Как следовало из письма солдатки, её муж спокойно работал на гражданской должности и даже пострадал по службе:

«… [Семиразум] приглашаем был местным начальством в должность рассыльного к становому приставу 3-го стана Черниговского уезда, где и находился. Впоследствии, когда он по обязанностям рассыльного в декабре месяце 1841 года командирован был Земским Исправником Черниговского уезда г. Тризной в селение Борисоглебку, узнать от коллежского регистратора Кирилла Гашинского о детях сего последнего, то он, Гашинский, бывший в нетрезвом виде, вместо удовлетворения требования Правительства, причинил ещё мужу моему безвинно побои, о чём по жалобе мужа моего производилось законное следствие…».


Тем не менее, в результате разбирательства унтер-офицер пал жертвой то ли чьих-то интриг, то ли по недоразумению:

«… И как по таковому оказался виновным г. Гашинский, то по решению Вашего Превосходительства приговорено отнестись куда следует, дабы с г. Гашинским поступлено было по законам. Но, напротив того, муж мой обращён вновь на службу с определением в Золотоношскую Инвалидную Команду; однако ж не по решению Вашего Превосходительства и не известно, по какой причине и за какие преступления…».

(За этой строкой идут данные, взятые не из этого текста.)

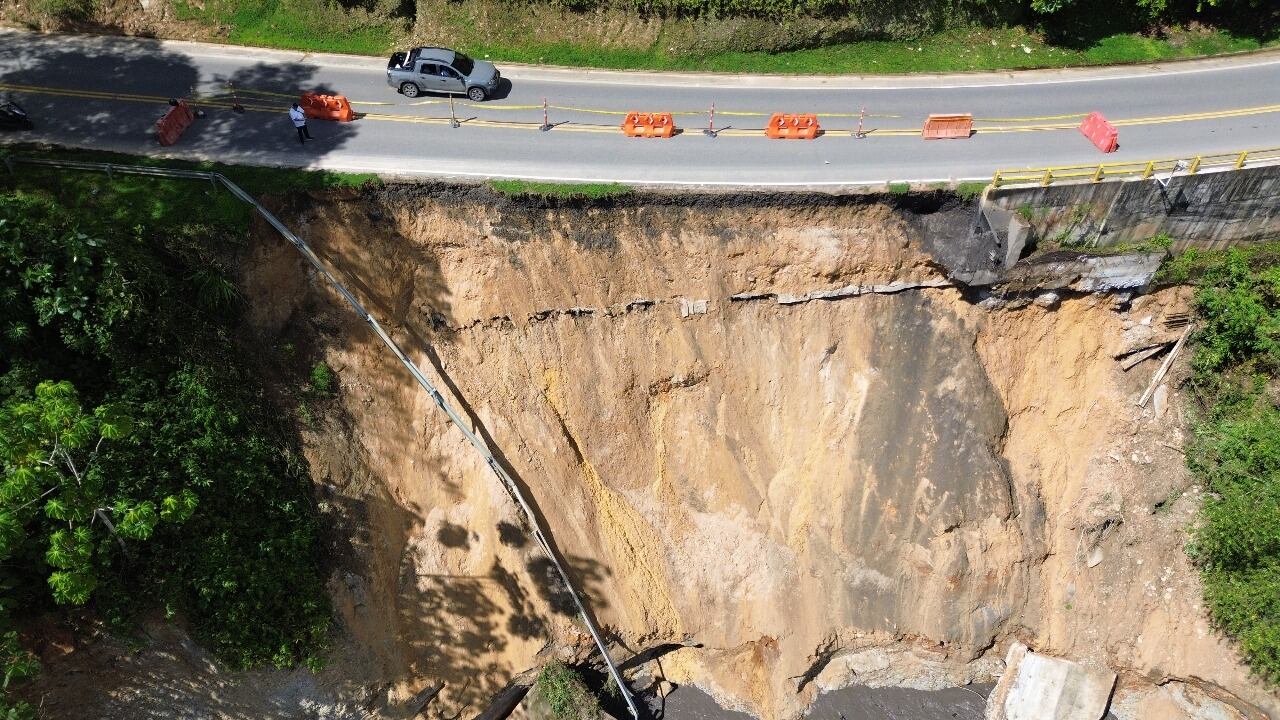 Comunidades y veedurías de la Transversal del Sisga reiteran que la vía no cumple con las condiciones técnicas. Foto: Suministrada
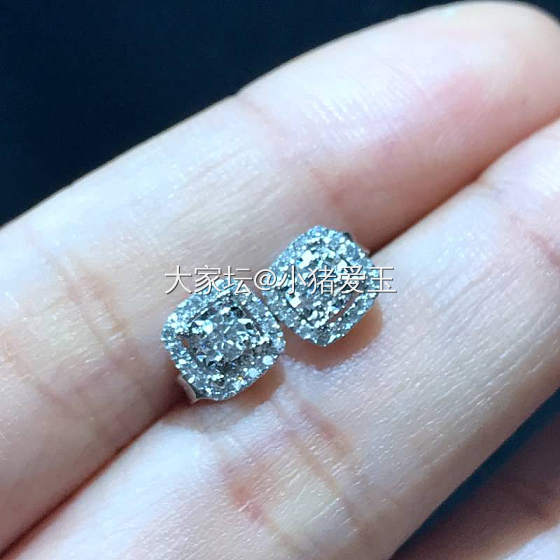 18k白金超显大钻石耳钉_耳饰钻石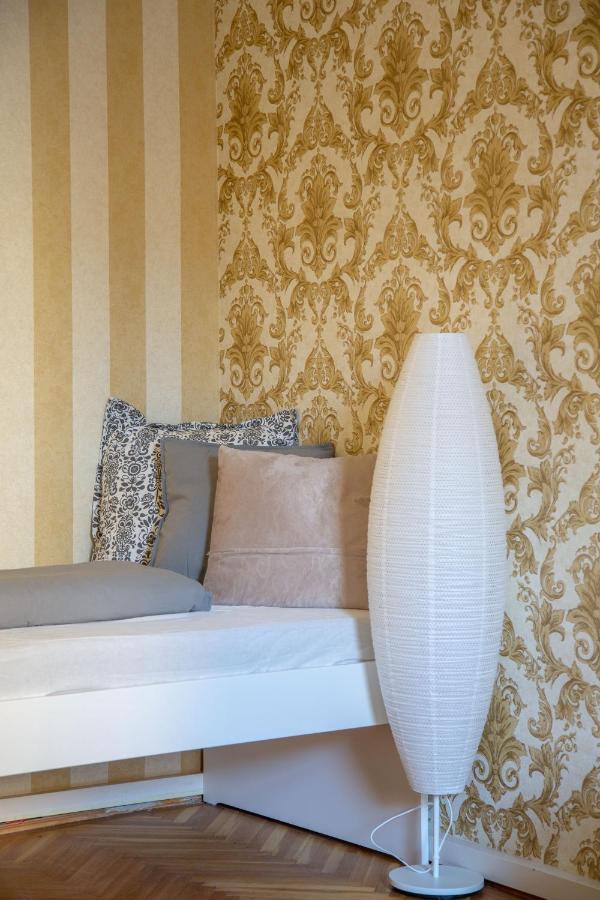 Luxury Downtown Home By Anna Budapest Eksteriør billede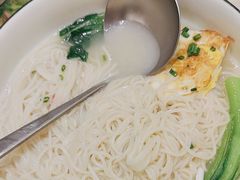 -沪华海鲜大酒楼(南汇店)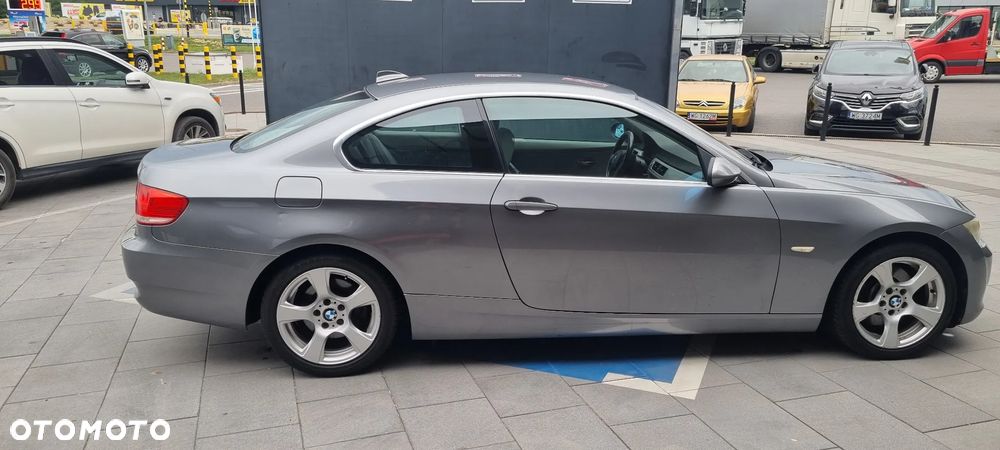 BMW Seria 3 325xi - 1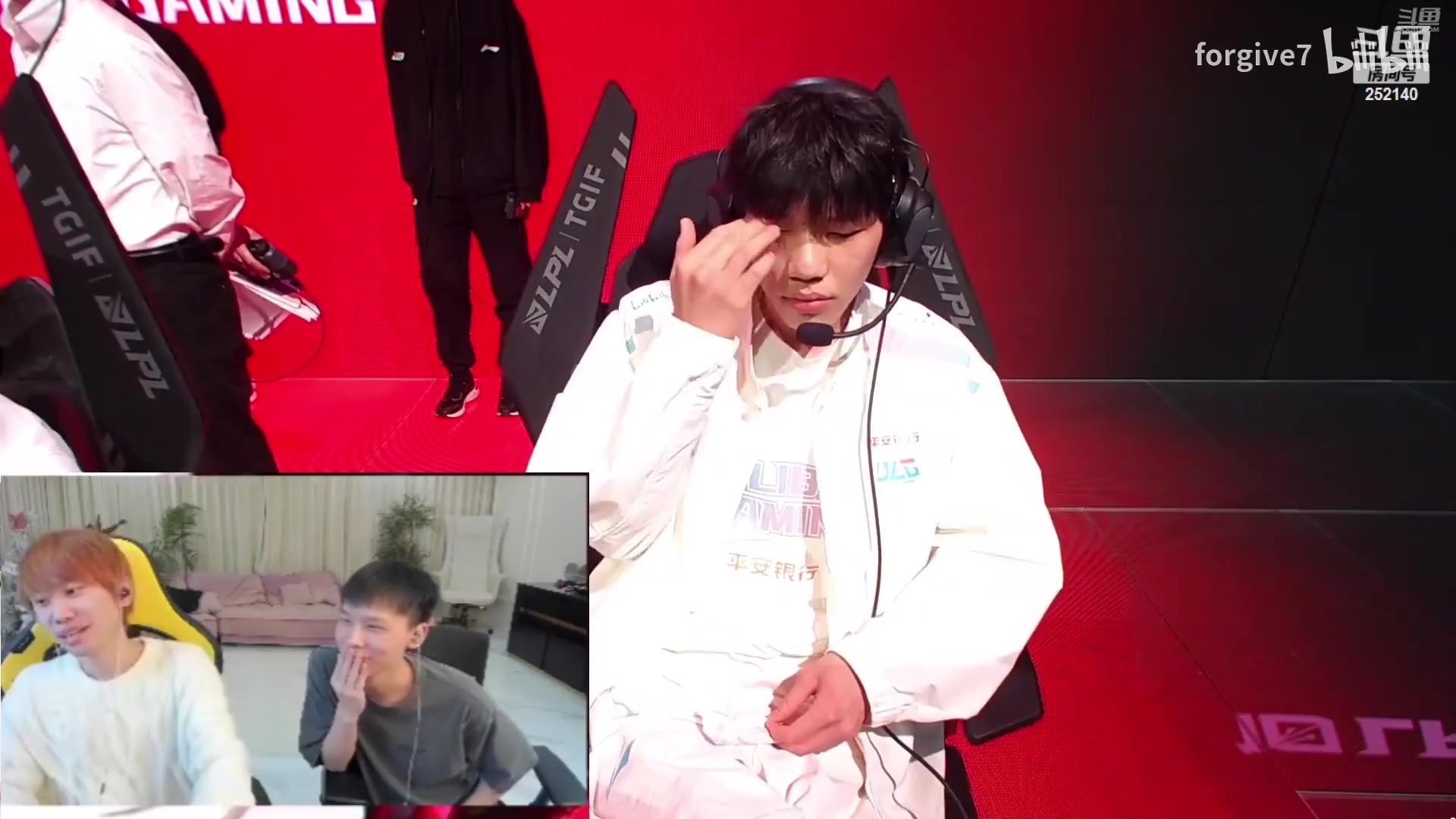 FPX打野：JDG训练赛无敌 Doinb：妈耶被阿乐骗了！他说EDG无敌！-直播吧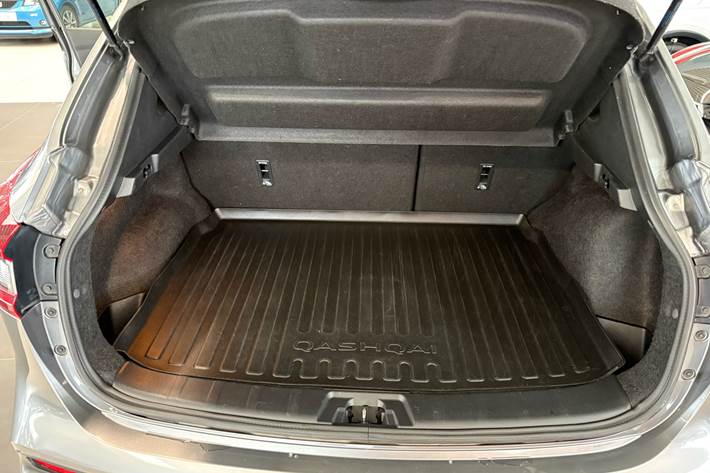 Grå Nissan Qashqai fra 2021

К прошению был приложен формулярный о службе список, составленный
8-го декабря 1843 года, из которого следовало, что унтер-офицер Иван Антонов Семиразум, 43-х лет, из казённых крестьян Черниговской губернии и уезда, села Карховки. Имеет польский знак за военные отличия 5-й степени. В рекрутах с 5-го ноября 1820 года .
В свою очередь, Командир Отдельного Корпуса Внутренней Стражи
5-го января 1844 года направил это прошение вместе с рапортом Военному Министру Чернышёву, в котором сообщал, что уволенный из бессрочного отпуска на службу с определением в Золотоношскую Инвалидную Команду Лубенского Гусарского полка вахмистр Иван Семиразум, «по окончании следственного дела, произведённого по жалобе на него коллежским регистратором Гашинским, оправдан и никакому взысканию не подлежит, а потому и просит о возвращении его по-прежнему в запасные войска» .
На докладе Инспекторского Департамента от 12-го января 1844 года за № 11, в котором сообщалось о прошении унтер-офицера Семиразума, рукой Военного министра было начертано: «Государь Император на это соизволяет».

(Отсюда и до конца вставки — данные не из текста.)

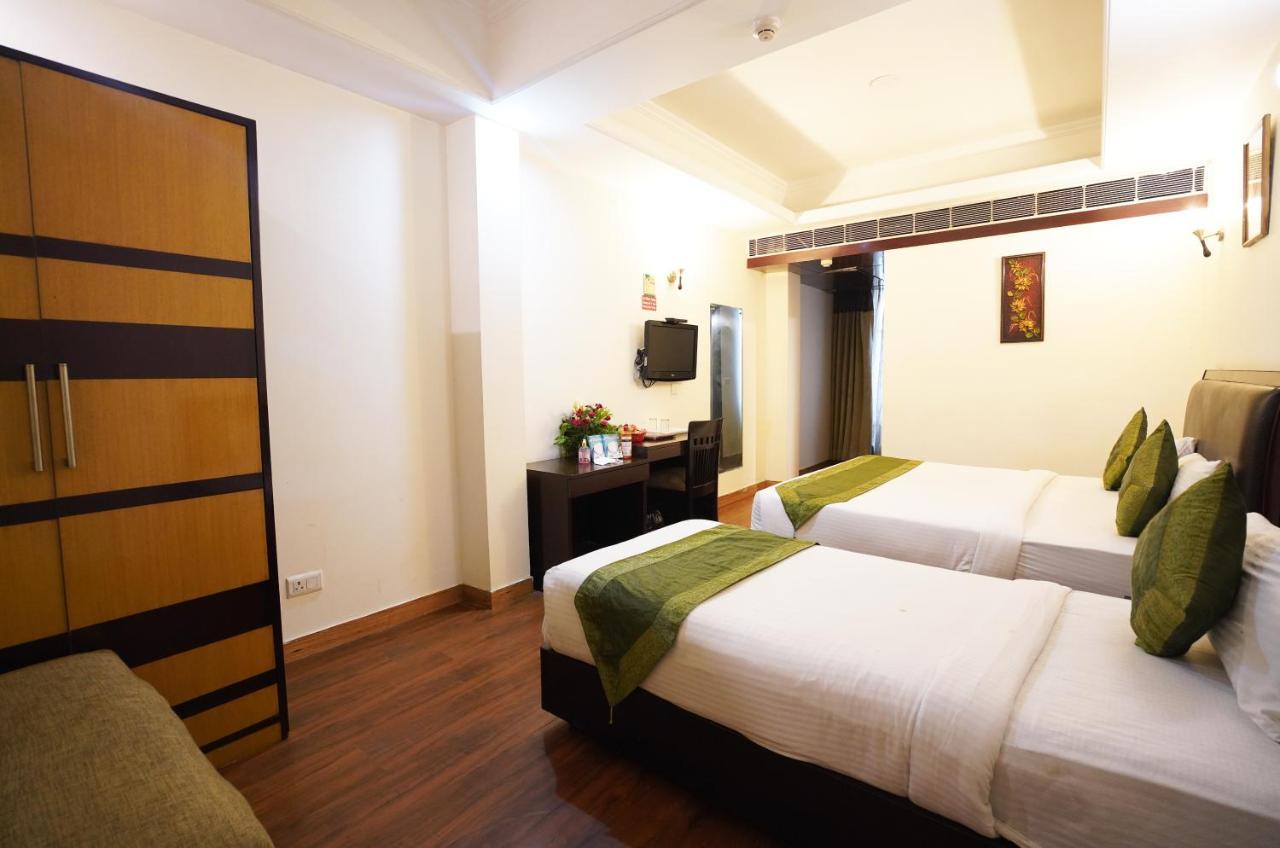 Airport Hotel Grand By Fantasia Új-Delhi Kültér fotó
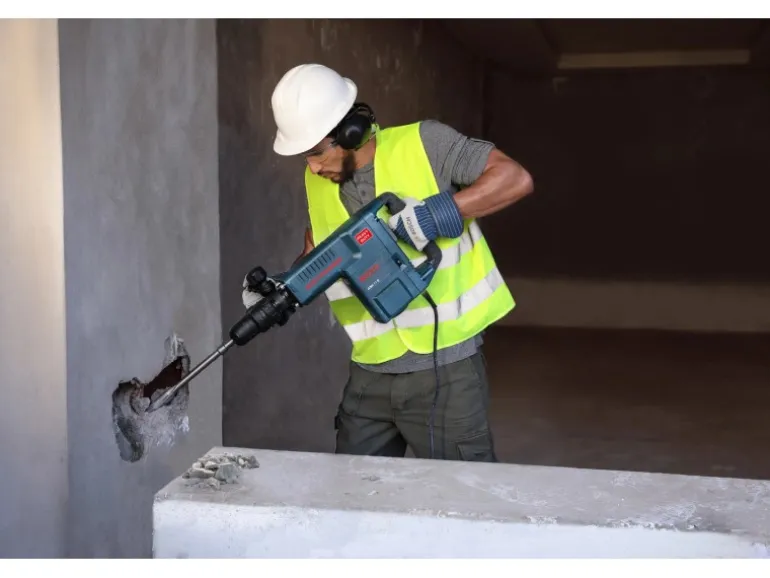 Bosch Professional Schlaghammer GSH 11 E im Handwerkerkoffer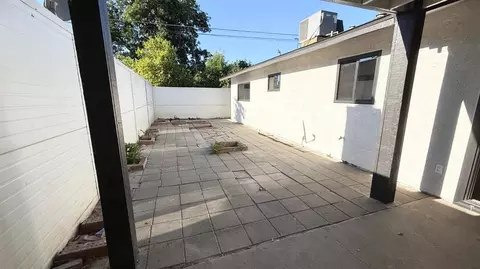 Exterior - 417 Mount Everest Ct, Modesto, CA 95358 photo 5 of 5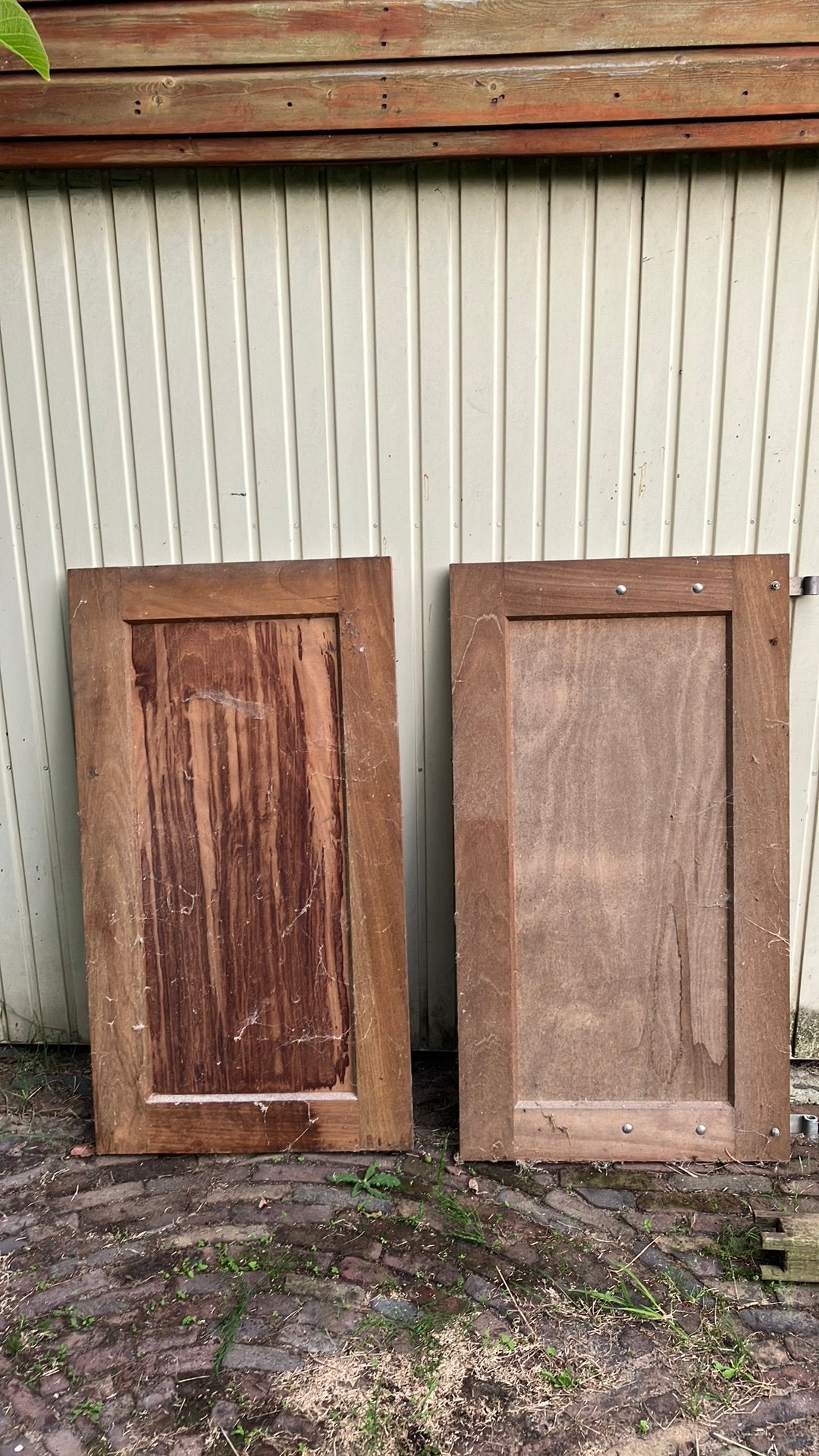 2 hardhouten luiken, Ophalen, Minder dan 200 cm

В целом, бессрочный отпуск, введённый в 1834 году, рассматривался царём как милость и, как результат, любой подданный, которому эта милость даровалась, должен был вести себя подобающим образом. За неподобающее поведение неминуемо следовала расплата – возврат на службу и, поначалу, даже лишение права на отставку.
Так или иначе, при таком подходе военная служба воспринималась как наказание, избежать которого могло лишь беспорочное поведение в мирной гражданской жизни.
Власти при этом упустили одну важную деталь. Поначалу в молодости, они оторвали человека от привычной сельской жизни, и отняли всё то, к чему было стремление. Затем в течение 20-ти лет ему прививали покорность и слепое исполнение приказов свыше. В результате под конец жизни мало что умевший человек, потерявший связи с родными и прежними навыками, вновь вынужден был погружаться в ту самую атмосферу, из которой его насильственно вырвали когда-то. Однако силы уже были не те – как правило, в бессрочный отпуск отправлялись солдаты в возрасте 40-45 лет. Что он мог и умел? Разве что какое-либо ремесло, освоенное на военной службе. А некоторые и этого не умели. В течение 20-ти лет их занятием было идти в штыковую, штурмовать, убивать и отнимать, а привыкнуть к спокойному времяпрепровождению они так и не смогли. Как итог – беспробудное пьянство.